Yep. Agree with all of that. I guess we won't know unless Apple ever acknowledges it and it looks like they won't.One possibility is that the GPU can do 2 of 10 at a rate of 3 each but not 1 of 20 at a rate of 6.
Where 1 and 2 are stream counts, 10 and 20 are pixel counts, and 3 and 6 are data rates (substitute those numbers with numbers that make sense). The GPU in this case is limited by the max data rate for a single stream. It's the same problem as why we have CPUs with 20 cores at 3 GHz instead of CPUs with 10 cores at 6 GHz.
In an Intel GPU, they have to use multiple CRTC's (pipes?) to handle a large resolution.
Remember in the olden days when 4K displays first came out, GPUs were doing two 1920x2160 tiles instead of one x 3840x2160 tile (using MST over a single DisplayPort connection).
The tiled display examples I gave (intel with Dell 8K, or old 4K displays) have the limitation in the display but you can image a similar limitation occurring in the GPU. It would be useful to find a document or video example where the limitation is in the GPU alone.
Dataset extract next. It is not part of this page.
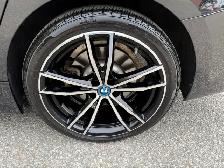 2022 BMW 3-Series 330e xDrive Plug-In Hybrid, M-sport package - Photo 13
Actually the video talks about single tile displays that require multiple pipes and they mention the DSC case (which uses multiple stripes?) and they mention clock limits, etc.
I don't believe the limit is 6K max frame buffer; I'm just saying that there could be reasons for a limit.
Let's hope that the M2 resolves it and then I'll just sell the M1 and be done with it.